(Dataset entries)

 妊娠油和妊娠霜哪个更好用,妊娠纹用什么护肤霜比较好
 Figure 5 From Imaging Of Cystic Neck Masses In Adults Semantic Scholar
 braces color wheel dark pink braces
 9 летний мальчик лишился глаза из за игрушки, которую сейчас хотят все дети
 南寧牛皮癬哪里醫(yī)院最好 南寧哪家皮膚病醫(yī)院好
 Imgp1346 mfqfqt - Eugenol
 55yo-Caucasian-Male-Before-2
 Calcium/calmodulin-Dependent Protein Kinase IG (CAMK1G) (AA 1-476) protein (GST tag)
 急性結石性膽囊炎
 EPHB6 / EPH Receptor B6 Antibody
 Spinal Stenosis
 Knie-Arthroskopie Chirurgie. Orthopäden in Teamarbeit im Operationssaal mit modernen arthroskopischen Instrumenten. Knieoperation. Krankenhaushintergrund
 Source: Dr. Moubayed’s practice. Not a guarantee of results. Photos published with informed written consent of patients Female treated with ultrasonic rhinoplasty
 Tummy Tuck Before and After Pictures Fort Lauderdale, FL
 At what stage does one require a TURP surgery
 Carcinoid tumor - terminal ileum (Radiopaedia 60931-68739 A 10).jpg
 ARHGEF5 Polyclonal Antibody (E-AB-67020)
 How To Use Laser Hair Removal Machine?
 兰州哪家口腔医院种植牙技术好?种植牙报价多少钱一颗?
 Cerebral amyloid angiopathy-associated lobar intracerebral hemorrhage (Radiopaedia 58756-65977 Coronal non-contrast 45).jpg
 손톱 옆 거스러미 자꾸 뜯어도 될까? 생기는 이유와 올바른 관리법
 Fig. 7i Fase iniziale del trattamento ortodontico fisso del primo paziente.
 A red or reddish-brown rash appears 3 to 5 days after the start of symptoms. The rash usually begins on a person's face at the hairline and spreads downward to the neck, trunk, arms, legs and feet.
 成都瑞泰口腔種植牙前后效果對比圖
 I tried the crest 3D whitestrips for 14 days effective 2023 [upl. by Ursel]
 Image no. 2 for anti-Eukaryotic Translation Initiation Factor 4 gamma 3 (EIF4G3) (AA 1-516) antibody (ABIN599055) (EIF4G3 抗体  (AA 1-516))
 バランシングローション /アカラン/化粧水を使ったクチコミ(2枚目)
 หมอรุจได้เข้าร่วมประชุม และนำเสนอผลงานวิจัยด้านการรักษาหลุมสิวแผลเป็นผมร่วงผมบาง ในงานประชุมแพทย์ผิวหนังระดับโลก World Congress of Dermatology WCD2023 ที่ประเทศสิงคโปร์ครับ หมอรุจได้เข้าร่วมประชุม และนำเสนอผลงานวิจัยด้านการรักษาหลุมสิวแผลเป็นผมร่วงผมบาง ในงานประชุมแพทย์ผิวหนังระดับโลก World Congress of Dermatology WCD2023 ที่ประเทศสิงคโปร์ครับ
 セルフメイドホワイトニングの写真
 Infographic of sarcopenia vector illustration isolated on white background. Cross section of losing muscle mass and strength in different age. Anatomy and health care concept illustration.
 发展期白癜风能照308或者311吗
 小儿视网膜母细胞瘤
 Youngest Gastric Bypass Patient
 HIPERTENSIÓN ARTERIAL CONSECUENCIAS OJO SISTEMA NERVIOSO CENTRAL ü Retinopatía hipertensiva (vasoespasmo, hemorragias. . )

▶ _Your task_
Nothing but an exact reproduction of the entries is wanted.

▶ _The answer_
 妊娠油和妊娠霜哪个更好用,妊娠纹用什么护肤霜比较好
 Figure 5 From Imaging Of Cystic Neck Masses In Adults Semantic Scholar
 braces color wheel dark pink braces
 9 летний мальчик лишился глаза из за игрушки, которую сейчас хотят все дети
 南寧牛皮癬哪里醫(yī)院最好 南寧哪家皮膚病醫(yī)院好
 Imgp1346 mfqfqt - Eugenol
 55yo-Caucasian-Male-Before-2
 Calcium/calmodulin-Dependent Protein Kinase IG (CAMK1G) (AA 1-476) protein (GST tag)
 急性結石性膽囊炎
 EPHB6 / EPH Receptor B6 Antibody
 Spinal Stenosis
 Knie-Arthroskopie Chirurgie. Orthopäden in Teamarbeit im Operationssaal mit modernen arthroskopischen Instrumenten. Knieoperation. Krankenhaushintergrund
 Source: Dr. Moubayed’s practice. Not a guarantee of results. Photos published with informed written consent of patients Female treated with ultrasonic rhinoplasty
 Tummy Tuck Before and After Pictures Fort Lauderdale, FL
 At what stage does one require a TURP surgery
 Carcinoid tumor - terminal ileum (Radiopaedia 60931-68739 A 10).jpg
 ARHGEF5 Polyclonal Antibody (E-AB-67020)
 How To Use Laser Hair Removal Machine?
 兰州哪家口腔医院种植牙技术好?种植牙报价多少钱一颗?
 Cerebral amyloid angiopathy-associated lobar intracerebral hemorrhage (Radiopaedia 58756-65977 Coronal non-contrast 45).jpg
 손톱 옆 거스러미 자꾸 뜯어도 될까? 생기는 이유와 올바른 관리법
 Fig. 7i Fase iniziale del trattamento ortodontico fisso del primo paziente.
 A red or reddish-brown rash appears 3 to 5 days after the start of symptoms. The rash usually begins on a person's face at the hairline and spreads downward to the neck, trunk, arms, legs and feet.
 成都瑞泰口腔種植牙前后效果對比圖
 I tried the crest 3D whitestrips for 14 days effective 2023 [upl. by Ursel]
 Image no. 2 for anti-Eukaryotic Translation Initiation Factor 4 gamma 3 (EIF4G3) (AA 1-516) antibody (ABIN599055) (EIF4G3 抗体  (AA 1-516))
 バランシングローション /アカラン/化粧水を使ったクチコミ(2枚目)
 หมอรุจได้เข้าร่วมประชุม และนำเสนอผลงานวิจัยด้านการรักษาหลุมสิวแผลเป็นผมร่วงผมบาง ในงานประชุมแพทย์ผิวหนังระดับโลก World Congress of Dermatology WCD2023 ที่ประเทศสิงคโปร์ครับ หมอรุจได้เข้าร่วมประชุม และนำเสนอผลงานวิจัยด้านการรักษาหลุมสิวแผลเป็นผมร่วงผมบาง ในงานประชุมแพทย์ผิวหนังระดับโลก World Congress of Dermatology WCD2023 ที่ประเทศสิงคโปร์ครับ
 セルフメイドホワイトニングの写真
 Infographic of sarcopenia vector illustration isolated on white background. Cross section of losing muscle mass and strength in different age. Anatomy and health care concept illustration.
 发展期白癜风能照308或者311吗
 小儿视网膜母细胞瘤
 Youngest Gastric Bypass Patient
 HIPERTENSIÓN ARTERIAL CONSECUENCIAS OJO SISTEMA NERVIOSO CENTRAL ü Retinopatía hipertensiva (vasoespasmo, hemorragias. . )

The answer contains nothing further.